Remember when Craig’s List was a legit thing?
There was a time not so long ago in a galaxy not so far away that Craig’s List was a legit and kinda safe place to find bargains in your community. It was, like, 2008. I remember it well. See, I had a toddler back then, so I was broke and jonesing for the hot new toy that every mom had to have or they were bad. BAAAAD. It was the good old days of driving 20 miles to pick up someone’s junk that they valued at just five bucks under retail, but then you half-load the shit in your car and are like “Naw, I have a ten. You want me to take your garbage or no? Sucker!”

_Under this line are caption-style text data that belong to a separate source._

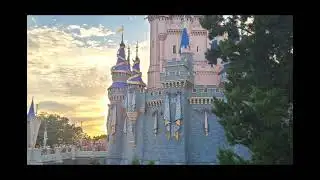 Disney World Just Dropped HUGE News for Passholders!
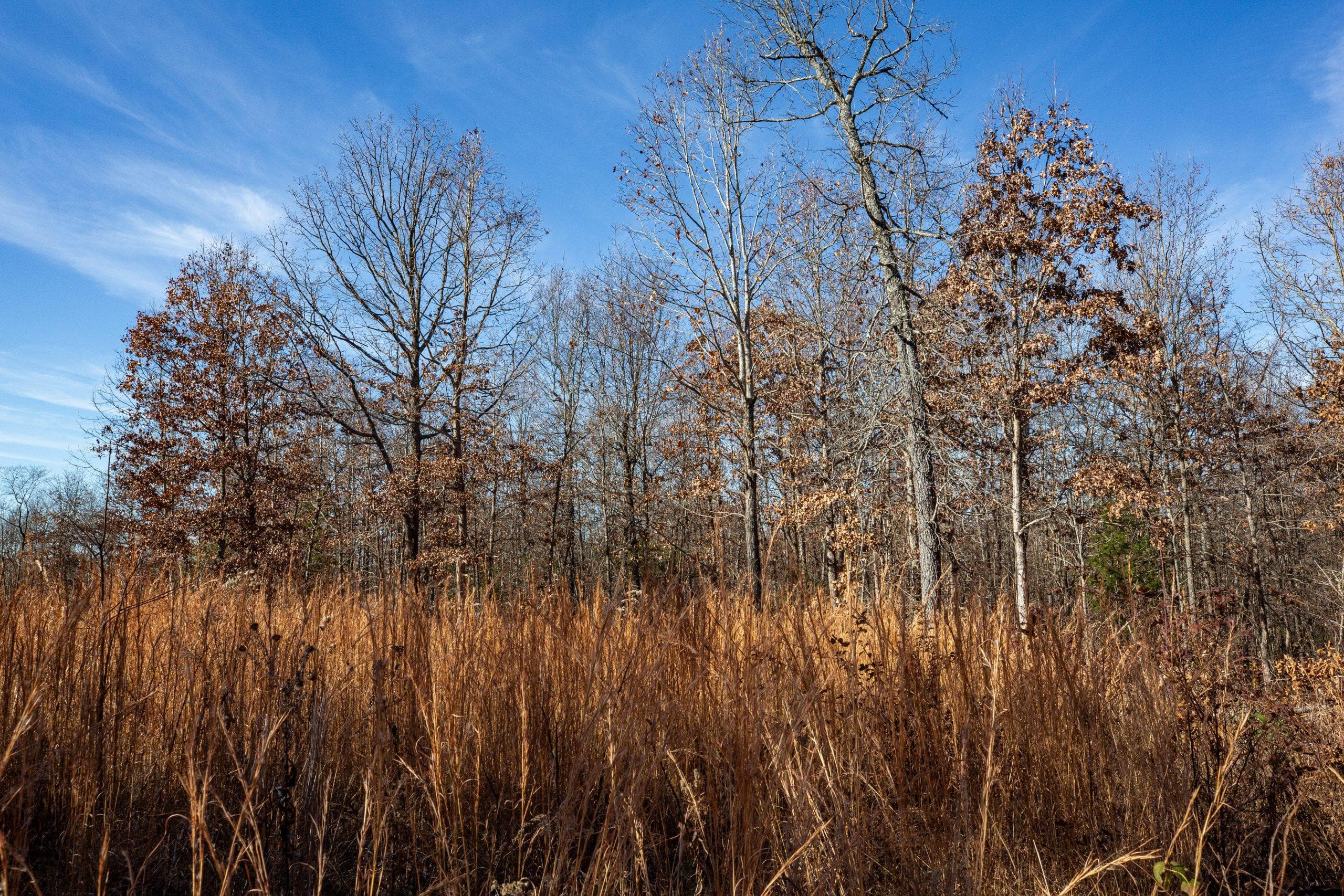 Dutchman Hollow — Zero Credit Land owner financed land for sale in Fulton County, Arkansas photo 12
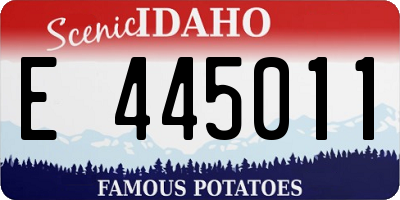 ID license plate E445011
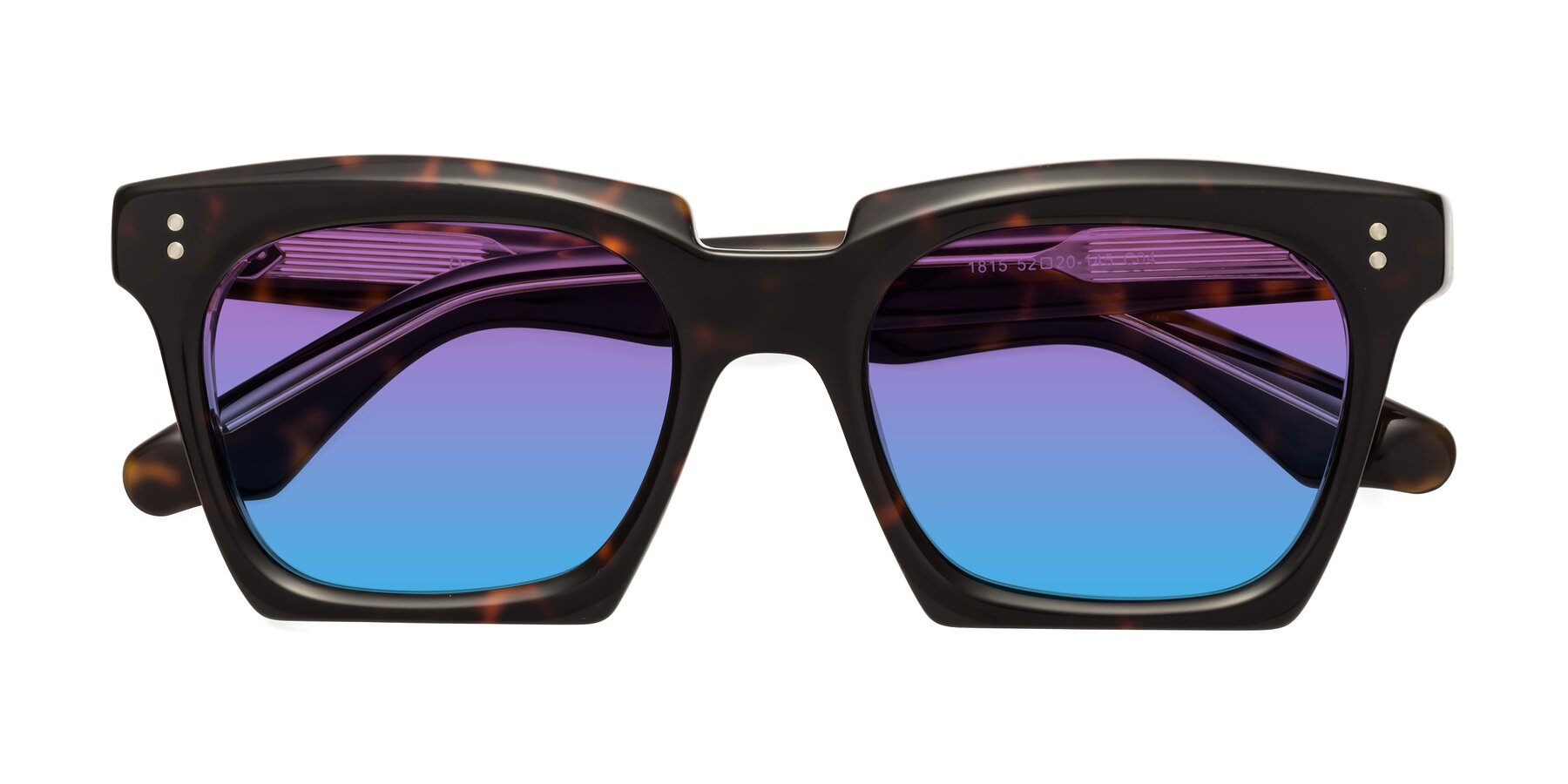 Folded Front of Donnie in Tortoise-Clear with Purple / Blue Gradient Lenses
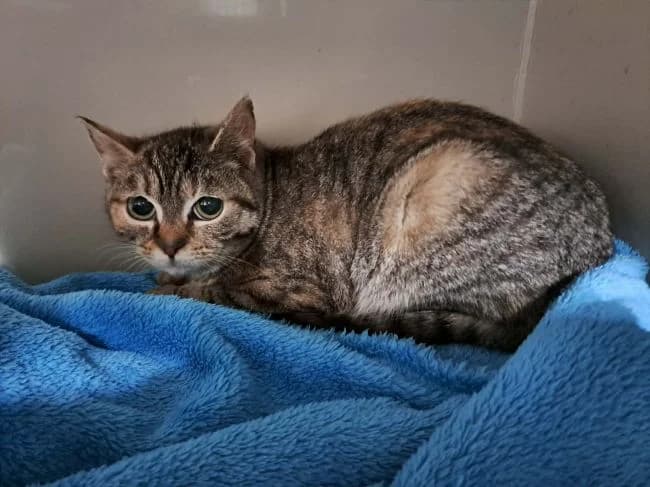 Slaměnka, female mixed breed for adoption at Útulek Jimlín — photo 3 of 3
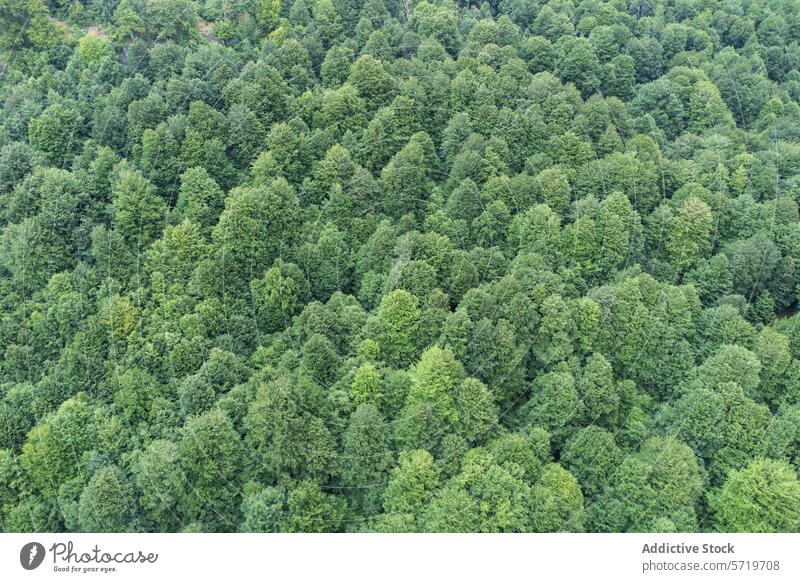 Ausgedehnte Luftaufnahme einer dichten grünen Waldlandschaft Antenne Landschaft Baum Natur Schutzdach Waldgebiet Ansicht Dröhnen Fotografie Umwelt im Freien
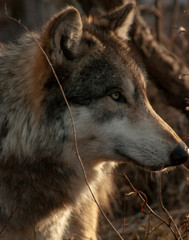 portrait of a wolf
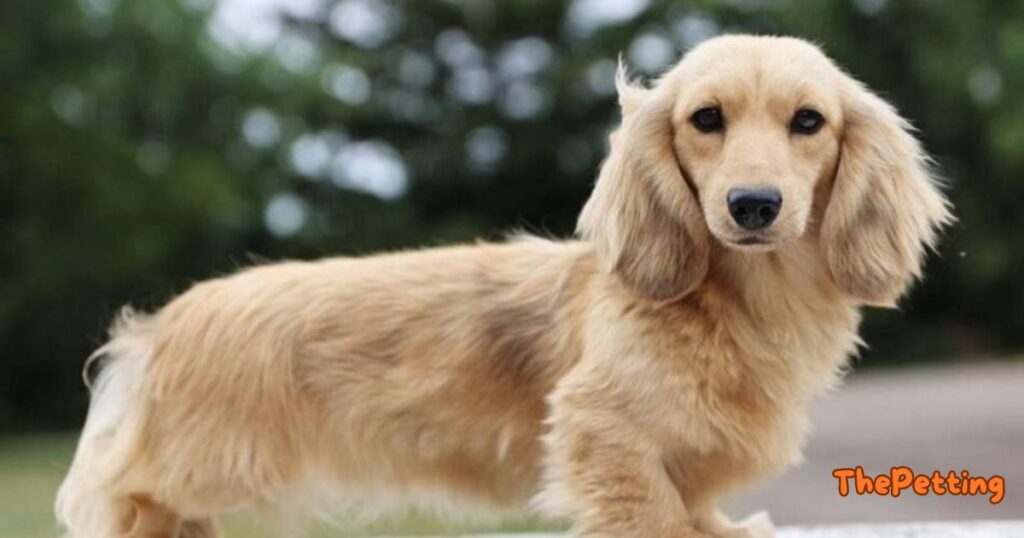 long haired dachshund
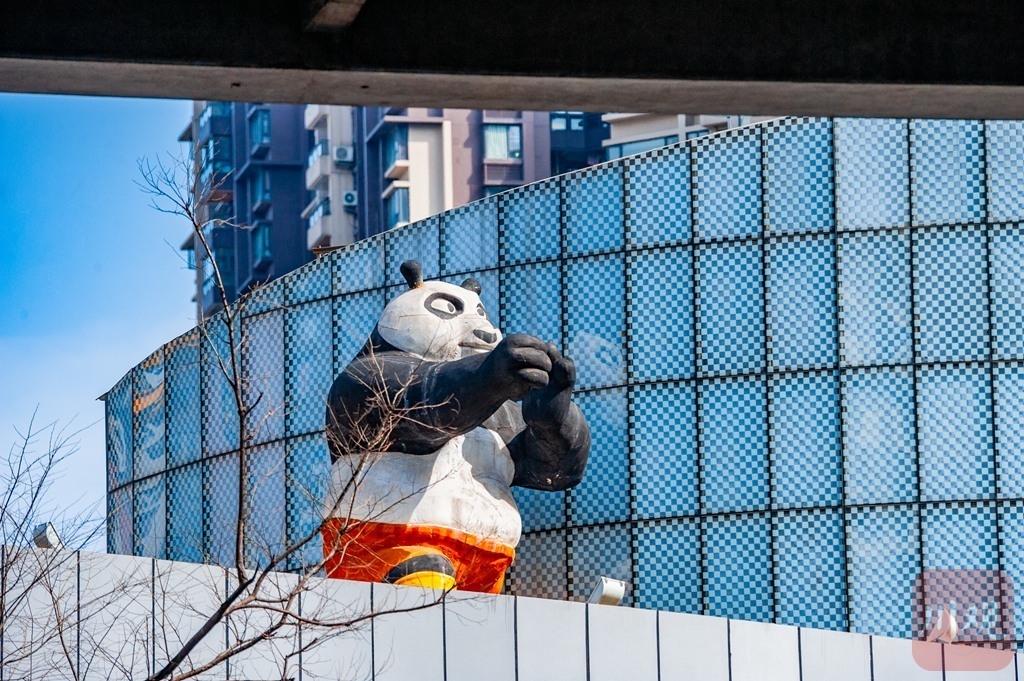 （转载）边走边拍⑥ 来成都街头与“大熊猫”偶遇
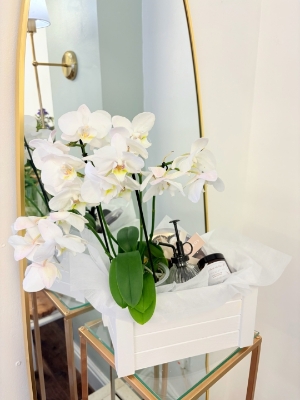 The Orchid Gift Set
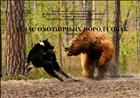 Атлас охотничьих пород собак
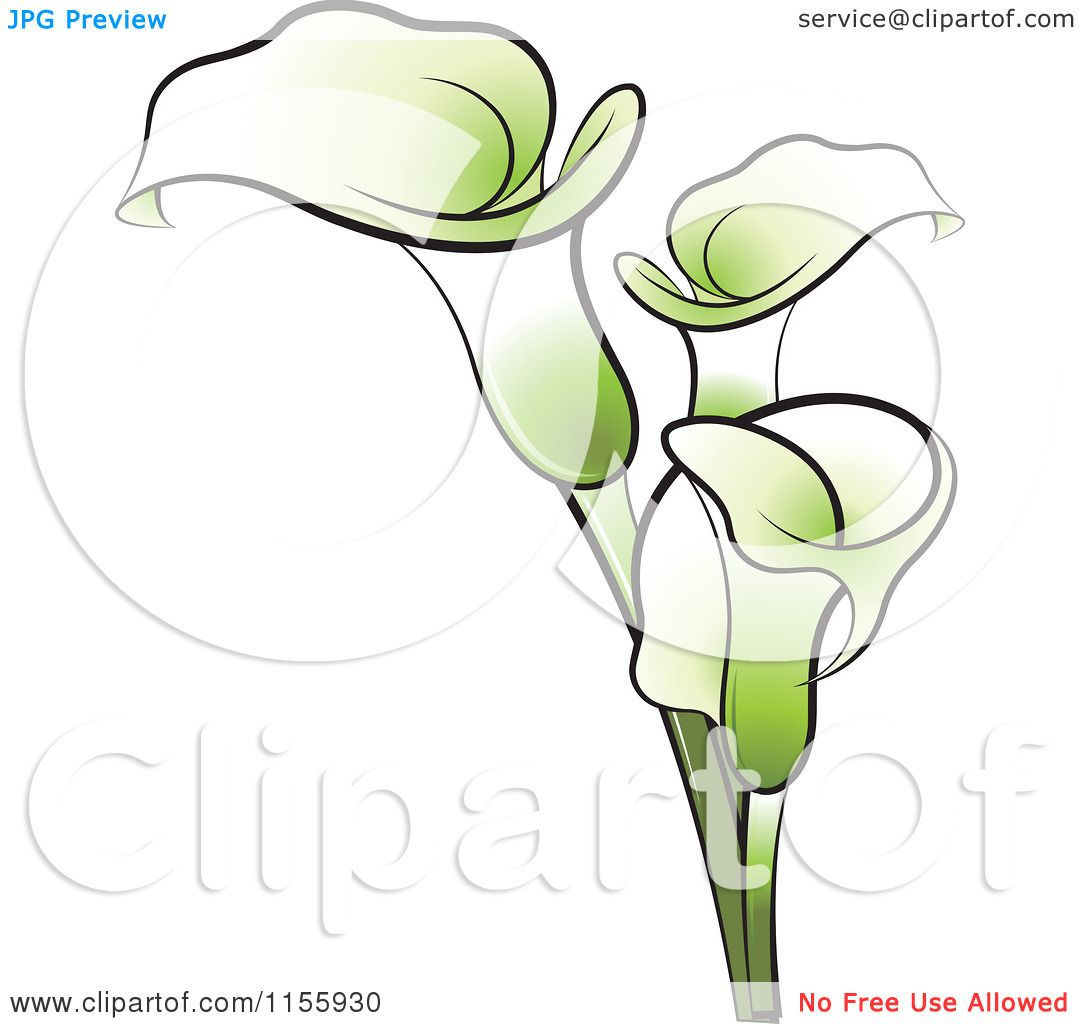 clip art calla lily flower - photo #23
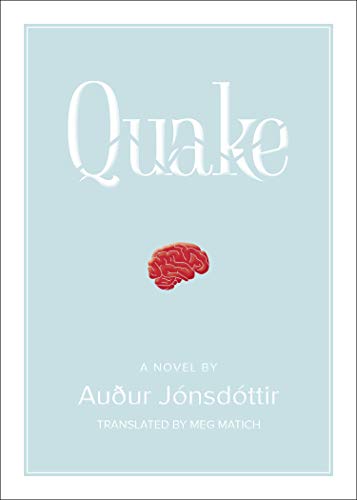 Quake: A Novel view 2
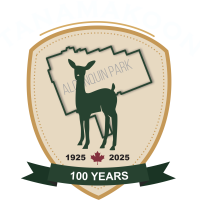 Tanamakoon-2025-Logo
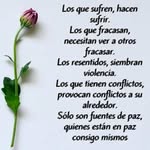 Eddi Perez - @eddiperezprieto15 - Instagram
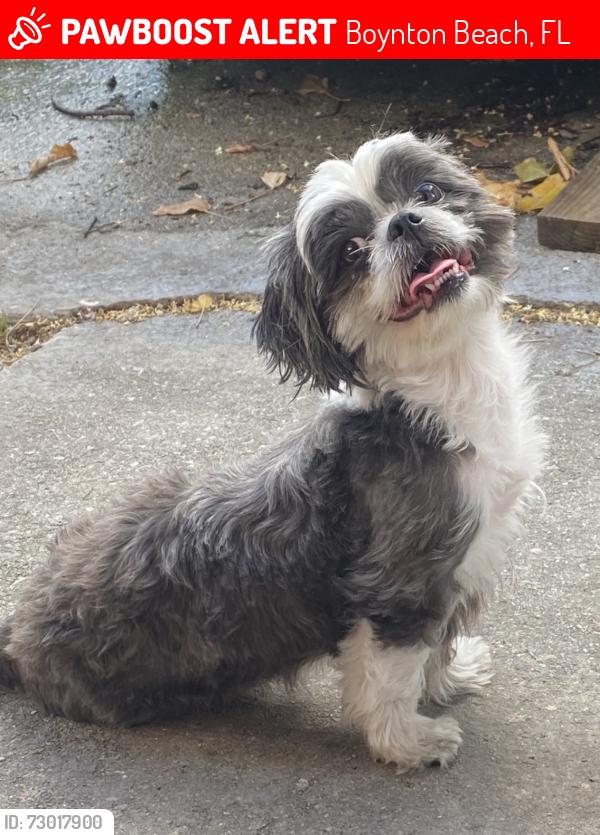Lost Female Dog last seen Lawerence rd, Boynton Beach, FL 33436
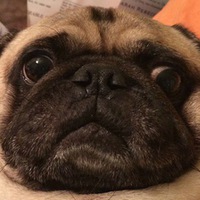 Андрей Яковлев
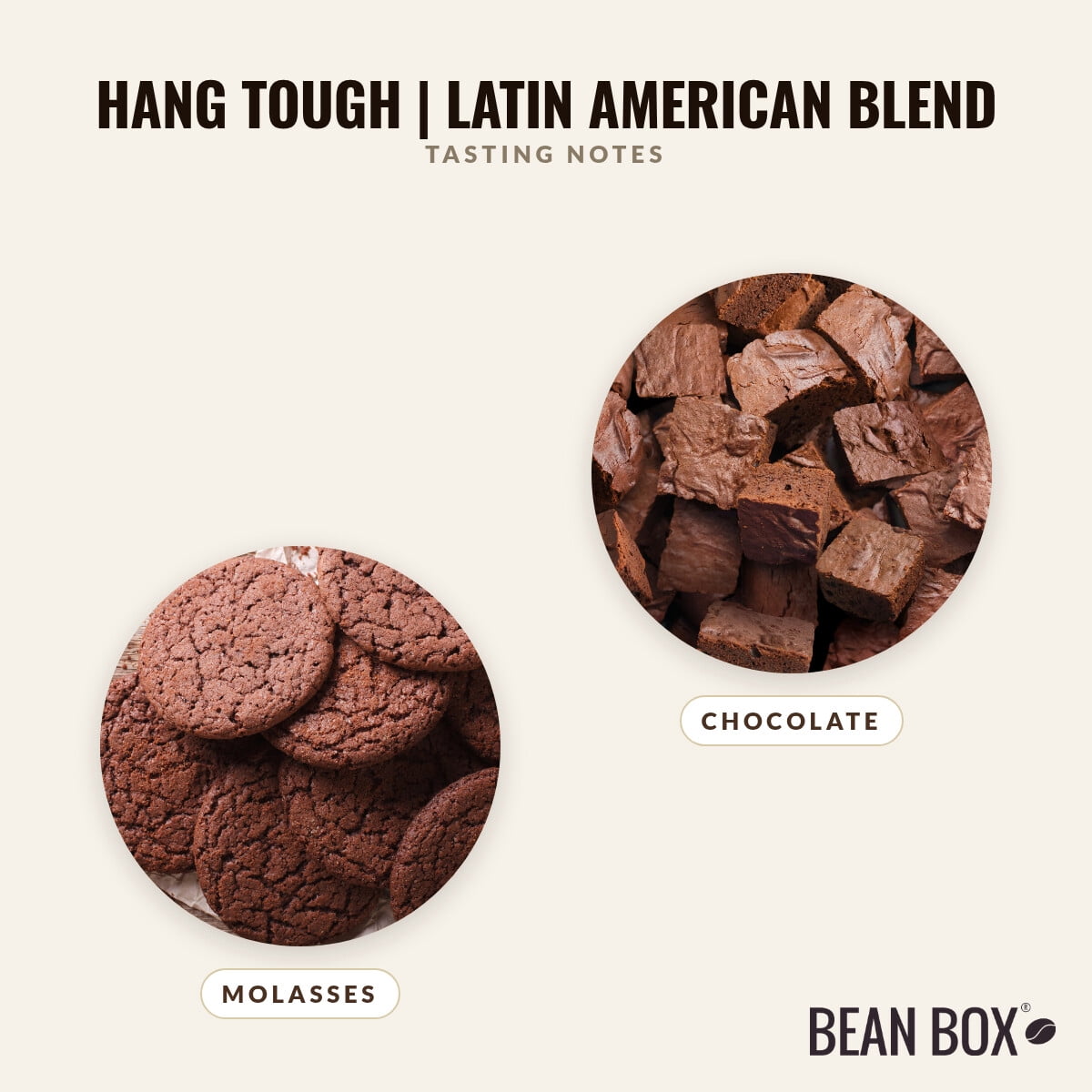 Hang Tough Latin American Blend - Roasted by 8th & Roast Coffee Co. - Whole Bean Coffee - 2lb Bag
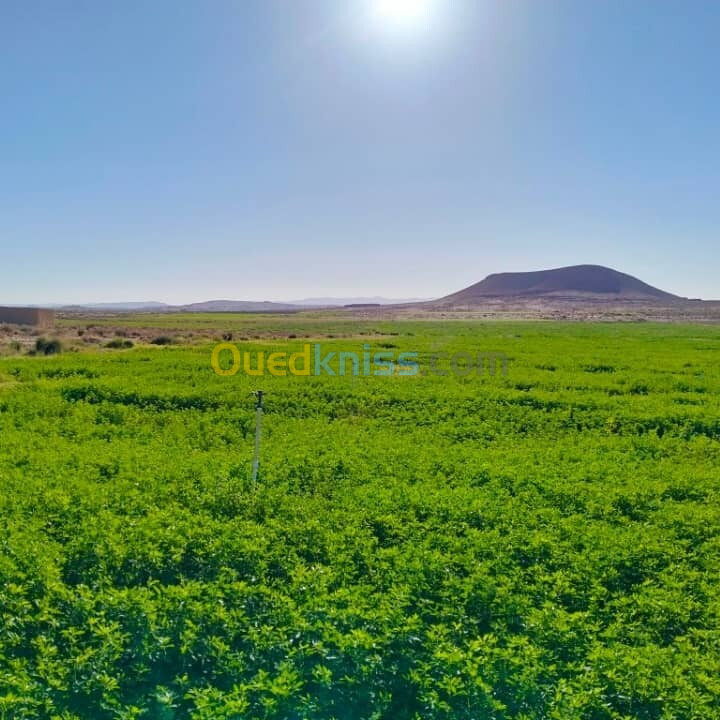 Vente Terrain Agricole Djelfa Djelfa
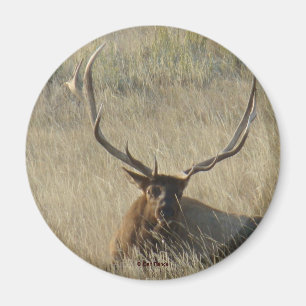 E25 Bull Elk Laying in Grass Magnet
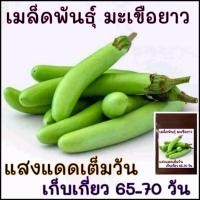 ราคา 100 เมล็ด เมล็ดพันธุ์ มะเขือยาวสีเขียว (25386621432)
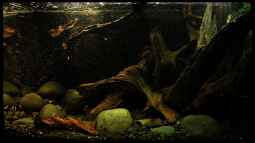 Das RIO 125 der Firma Juwel,ein  Alleskönner !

Back in 2008 I was scoping out some giant plastic playhouses for my toddling daughter to hide in whenever mommy decided to sit down and eat a whole cake in one sitting like a snake unhinging its jaw. Because it was Craig’s List, most of the playhouse offerings were pretty ridiculous – tables are missing, phone receivers are missing, plastic faucets have been broken off, and water trapped in the walls was growing new cultures of black mold in at least half of the houses I scoped.
But that’s not the worst of it. Oh no. There was one listing that made me wet my pants a little when I read it, and lives in infamy to this day. This was an honest-to-Elvis Craig’s List listing in SE Michigan, word for word:
Little Tikes Playhouse – $15
White, pastel blue & pink playhouse/cottage w. pretend oven range inside. This had a yellow jacket’s nest in it over the summer. Husband plugged up the hole, but there is no way to really take the nest out unless you cut apart the plastic. You can’t really see it. We don’t believe in using pesticides so it has not been sprayed. Queen yellow jackets can survive in the nest over winter so you’d want to be sure to get rid of her if you can or if you don’t mind spraying chemicals, spray it. It’s only $15 due to the nest.
Yes, all you need to do is hire an exorcist, light a couple matches, and wear a gas mask, and you’re good to go! Fun for the kiddies!
You see that yellowjacket above? It’s laughing. Laughing at the idea of eating your children right now. Laying in wait inside that playhouse. But at least – thank the gods – you can’t see her (as the ad graciously reminds us). You can’t see her nest pulsating and growing inside your child’s cherished plaything. Because if you can’t see deadly insects, then they don’t exist.
Why – you might ask – why wouldn’t someone just banish this house-shaped nest casing to the pits of landfill hell? The garbageman won’t object – because apparently the queen is overwintering right now!
And WHAT HOLE did the husband plug up exactly? And what did he plug it with? A gasoline-soaked rag? A bag of crucifixes? It better have been flames. If you have to say “due to the nest” in your ad, then any holes should be plugged with flames.
But no. They thought, “Another child should have this nest.” These people who walk among us in society, who are neighbors and family to somebody, apparently spent time researching yellowjacket life cycles, threw flaming crucifixes inside the walls, and thought “I can get a Costco sheet cake out of this!”